Senza soffermarci oltremisura su questo pur cruciale elemento, pensiamo al fatto che ci si riferisce a tale avvenimento con la parola Olocausto, che letteralmente indica un sacrificio a scopo devozionale, e che solo per questo tragico evento usiamo la “O” maiuscola, come se indicassimo il sacrificio per eccellenza. Ovviamente nella dottrina cristiana questo è teoricamente quello di Cristo in croce, e in generale lo era per il sentire dei cristiani prima di tale avvenimento. Qua c’è evidentemente un qualcosa che tocca la sfera del Sacro ed è interessante a questo proposito rilevare che l’archetipo del sacrificio di Dio è proprio del cristianesimo e non del giudaismo post-veterotestamentario, a ulteriore riprova del fatto che la dinamica che stiamo esaminando è fondamentalmente un movimento del primo in direzione del secondo. O pensiamo al fatto che in molti Paesi occidentali è reato condurre delle ricerche sulla Shoah che possano arrivare a ridimensionarne in qualche modo la versione storicamente accertata o anche solo discuterne in modo improprio a livello di opinione personale. Anche qua non è necessario approfondire la questione, e meno che mai mettere in dubbio le dinamiche e le cifre ufficiali della Shoah, ma solo rilevare che se una verità è dispensata dall’indagine scientifica e non si può trattare soggettivamente è perché evidentemente gode di uno status paragonabile con le debite contestualizzazioni a quello che fino a prima dell’era moderna era riservato nella Cristianità alle sole verità di fede cristiane. Al contrario nessun legislatore oggi si sognerebbe mai di emanare una legge per condannare chi metta in dubbio, per esempio, la storicità della vita e della morte di Gesù Cristo.

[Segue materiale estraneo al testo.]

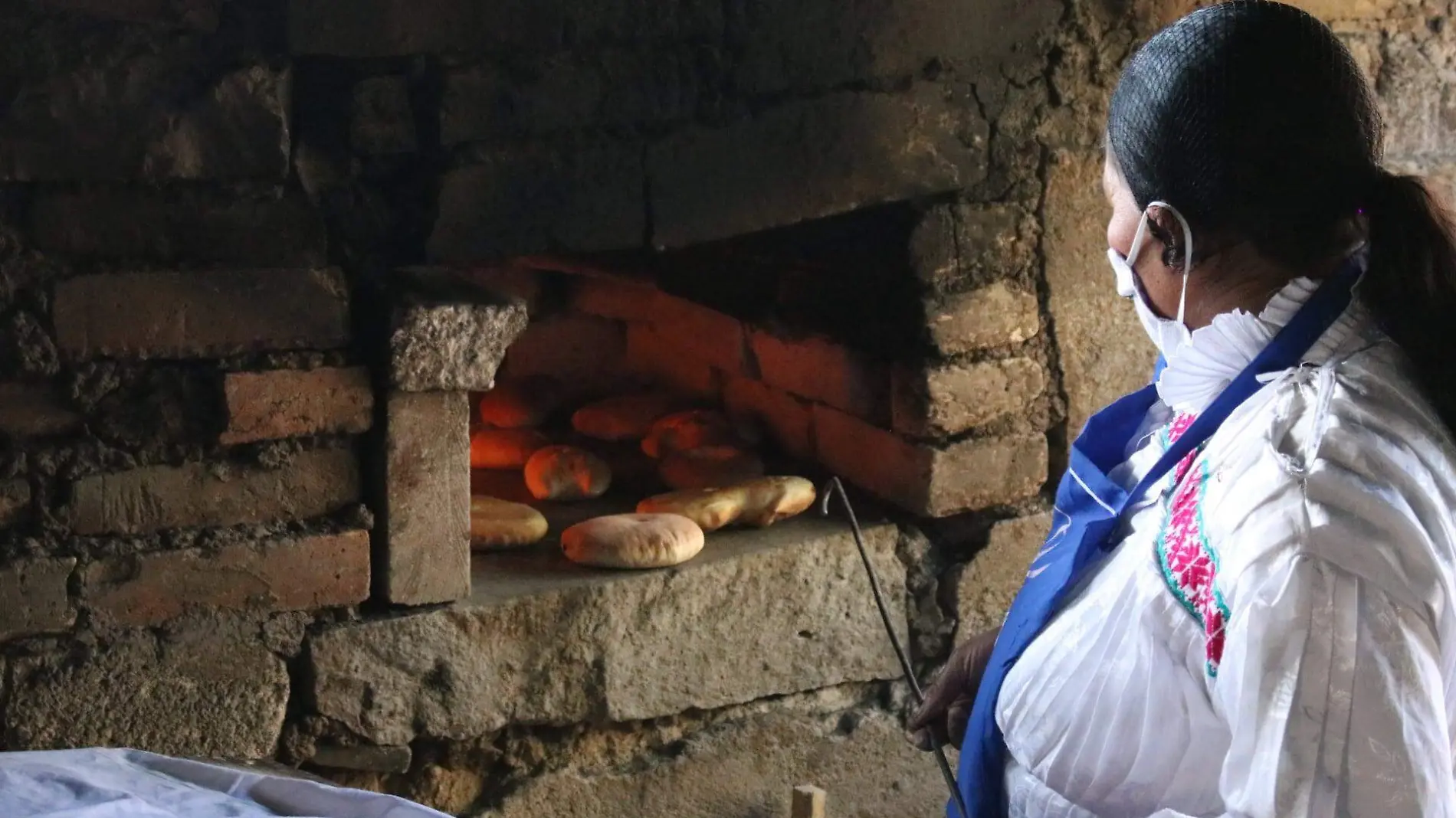 Pasó por los milenarios hornos de piedra donde se hace el pan de pulque.  Cortesía Turismo.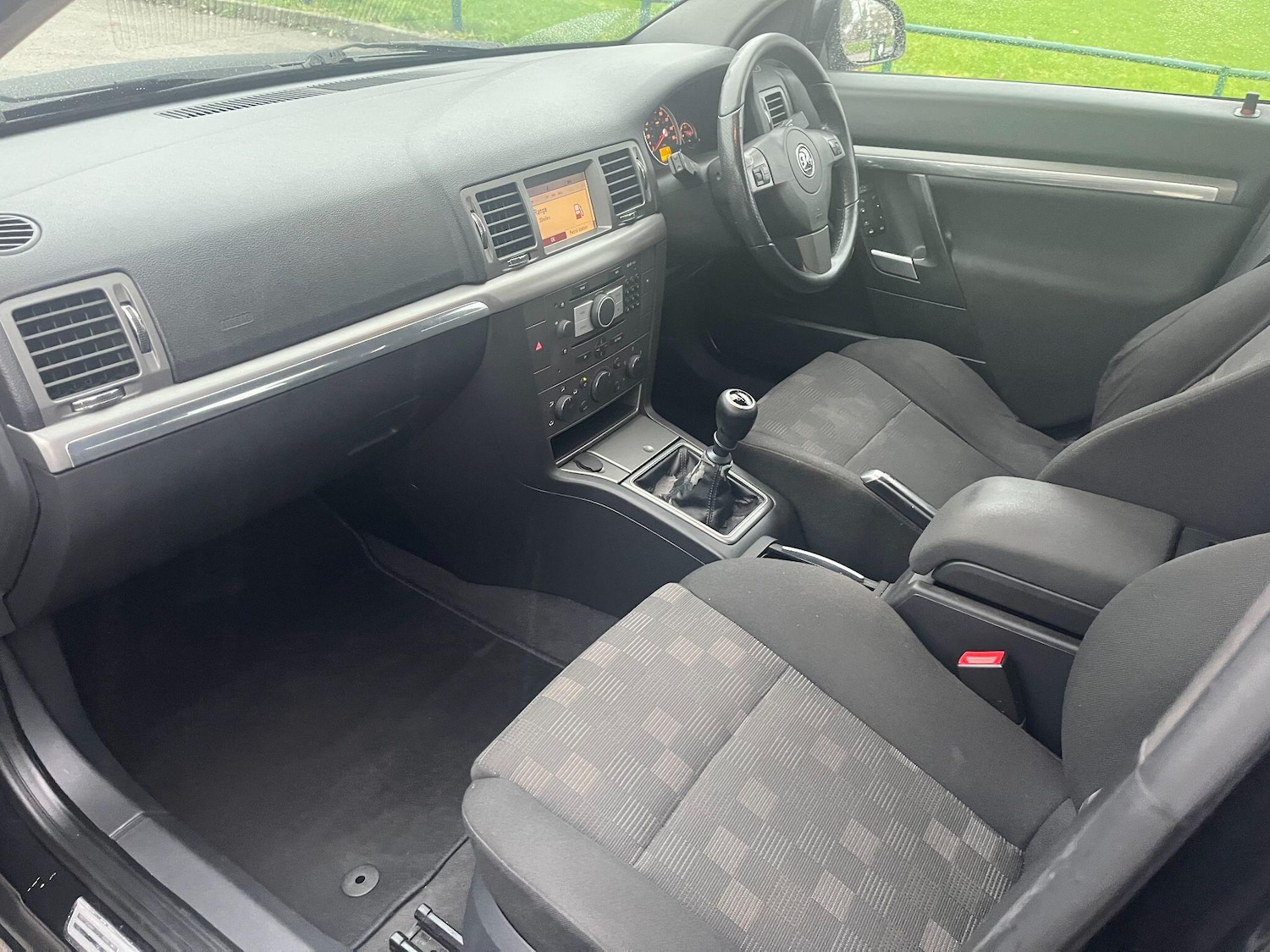 Used Vauxhall Vectra 2006 for sale - 76928172: Photo 14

E così via potremmo citare sentenze divenute di senso comune come «Dov’era Dio ad Auschwitz?»[4] o «Dio è morto ad Auschwitz»[5] in cui il campo di concentramento sembra diventare un nuovo e tangibile Calvario e Adolf Hitler con i suoi esecutori i carnefici per eccellenza. E ancora rilevare come nel continuo e doveroso riportare alla memoria quella immane tragedia ci sia una perenne riattualizzazione – proprio come una continua ripetizione è quella del memoriale della morte e della resurrezione di Cristo – cioè una sorta di liturgia laica nella quale le massime autorità sono coloro che l’hanno vissuta in prima persona, o coloro che sono deputati a portarne il ricordo, e alla quale tutti i cittadini sono chiamati a partecipare. Tutti, a prescindere dal credo o dal non-credere, perché ciò che rappresenta è alla base stessa della scala di priorità che si è data la civiltà nata dalle ceneri della Seconda Guerra Mondiale, e per questo non può essere relegata, come ormai avviene nella nostra società per le espressioni religiose tradizionali, alla sfera personale o di comunità specifiche.
[4]cfr. Elie Wiesel, La Notte (Giuntina, 1986).
[5]cfr. Richard L. Rubenstein, After Auschwitz (John Hopkins University Press, 1992).